Both these types of students are able to study a French degree together and are expected to
graduate with the same qualification. Now we can consider how this applies to the BSL
student who may have BSL level one, two or possibly three. These qualifications are the
same as Foundation BSL, or Intermediary BSL or Advanced BSL. This student would be
classed as a qualified entrant as opposed to the student who has no BSL or perhaps level one
BSL. This student is an ab-initio student. As in the previous example, these two types of
students are able to study a degree together, such as in Deaf Studies or BSL as is offered here
at UCLan, and are expected to graduate at the same level.
The way the curriculum is designed is the key in facilitating the different levels of language.
The established levels A1 to C2 accommodate differing language levels and provide a way of
carrying out assessments and establishing universal expectations. The levels facilitate the
students’ studies through till the end of the degree so they all leave with the same
qualification. The degree does not have to be pure BSL. In the case of a Deaf Studies degree
students study different modules which include BSL. There is also a two year course
available and a BSL degree. The courses are designed to offer a range of modules to suit
those students who would like to go on and qualify as interpreters.

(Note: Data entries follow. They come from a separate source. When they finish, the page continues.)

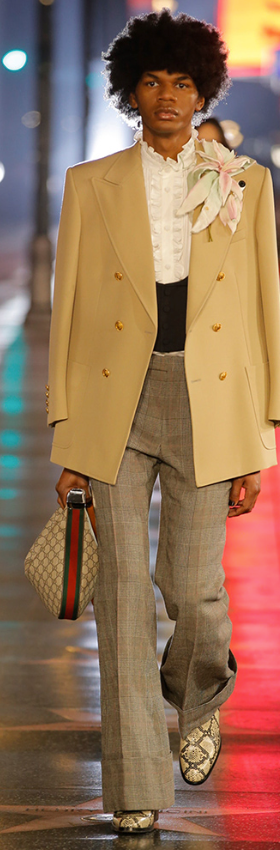 A man wearing a Gucci brown coat and checkered pants with snake skin boots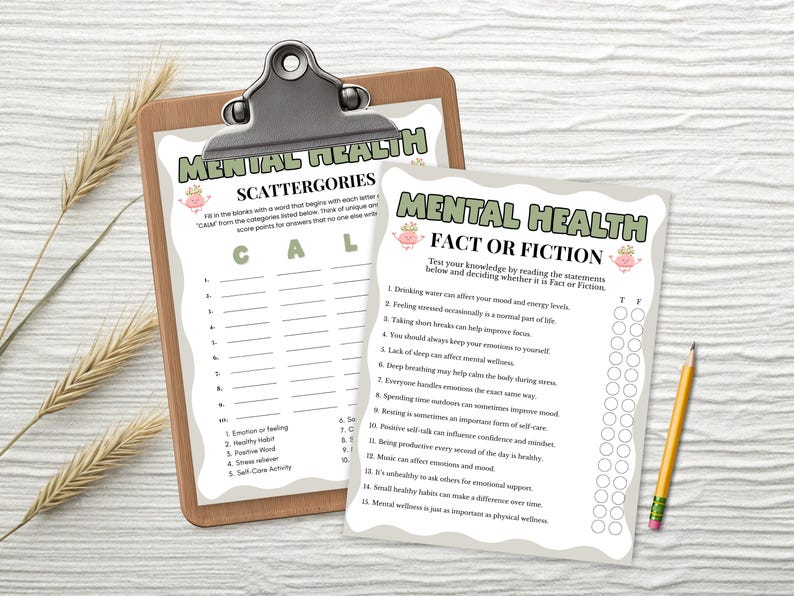 May include: A brown wooden clipboard holding a Mental Health Scattergories game sheet and a separate Mental Health Fact or Fiction game sheet with a yellow pencil. Both sheets feature green headers, wavy borders, and pink brain illustrations.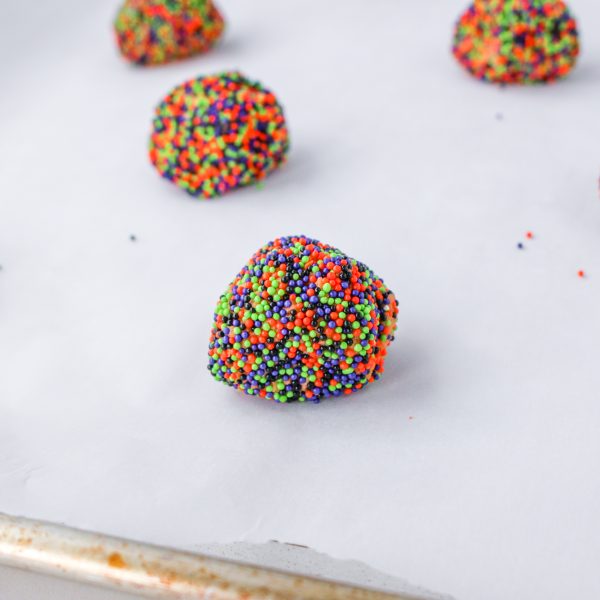 Cookie batter rolled in sprinkles scooped onto parchment paper lined cookie sheet.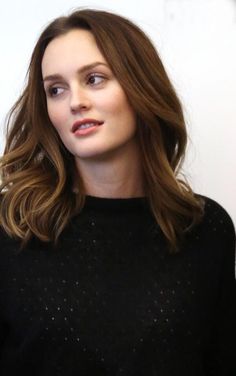 a woman with long brown hair wearing a black sweater and standing in front of a white wall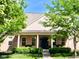 Inviting brick home with a covered front porch, white columns and mature trees at 2223 Shaftesbury Rd, Carmel, IN 46032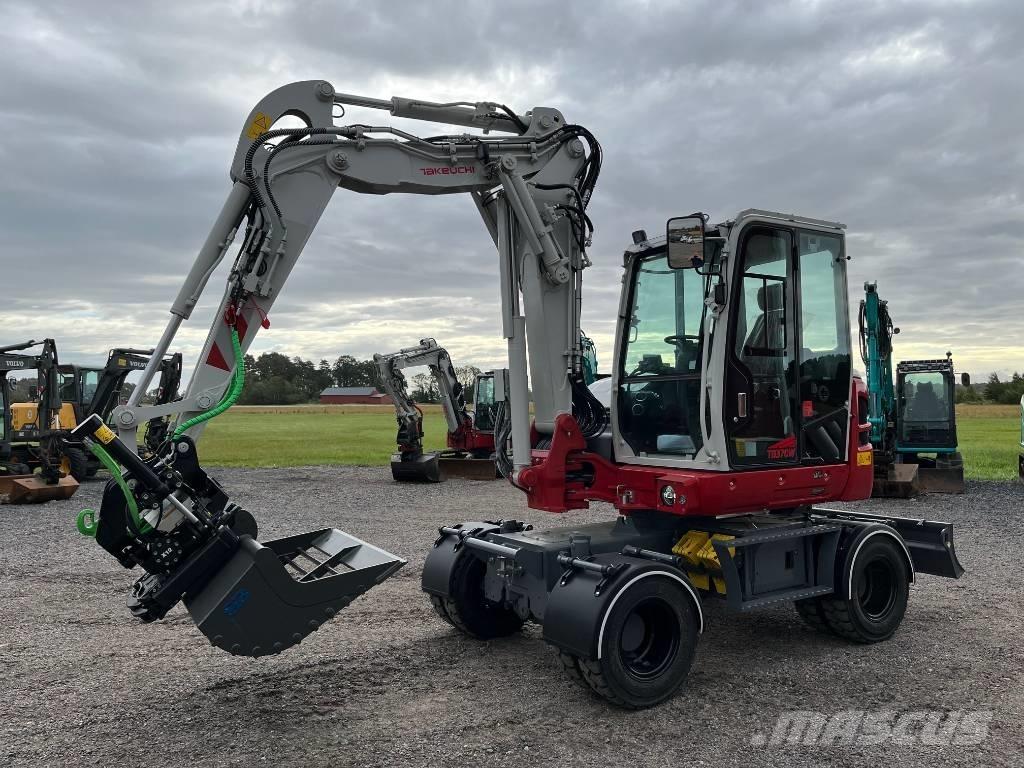 Takeuchi TB 370 W Колёсные экскаваторы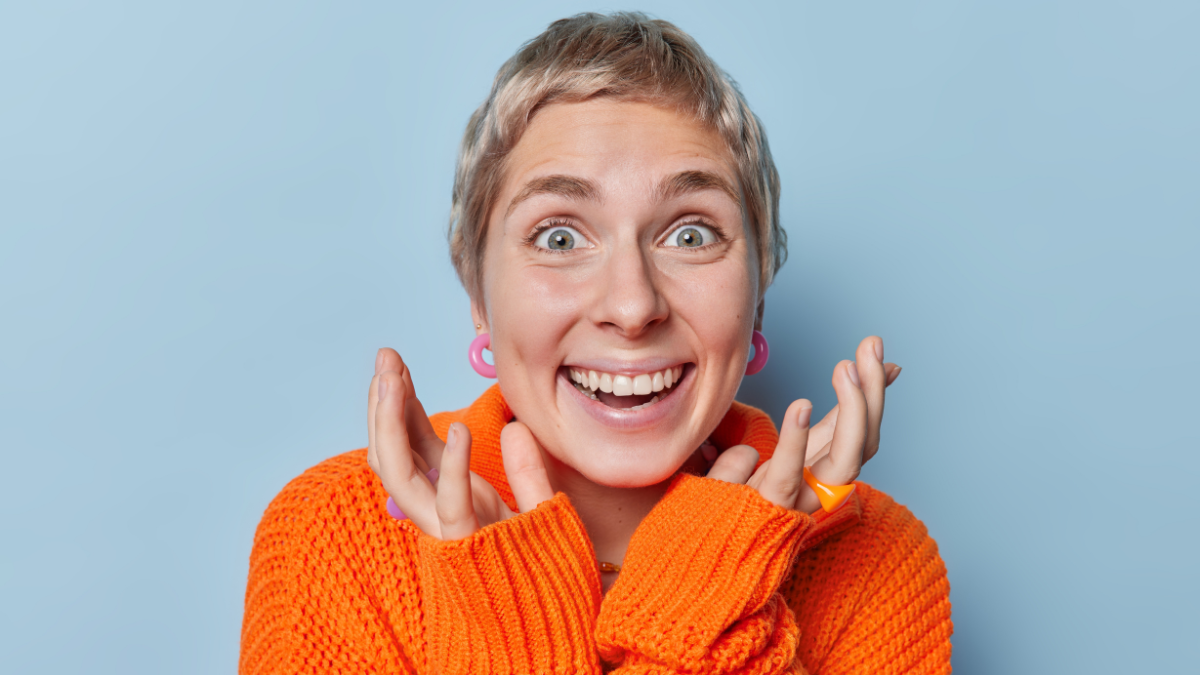Beautiful short haired European woman reacts to something amazing keeps hands near face smiles broadly shows perfect white teeth dressed in loose knitted jumper isolated over blue background.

Consideration should be given to the framework and how it fits in to the courses and levels of
study within your university. As previously explained not every aspect of the framework has
to be incorporated. There may be certain elements which can offer much benefit to your
courses and it works best as a guide.
All the work completed as part of the BSL QED projects is offered as a guide to assist
teachers of BSL and universities in providing the best courses with uniform and clear
standards, levels and expectations.
Teachers and students alike can benefit greatly from the framework because it offers
guidance about the differing levels. Students will be far more clear about their own levels of
language and what the expectations will be as they continue through their degree.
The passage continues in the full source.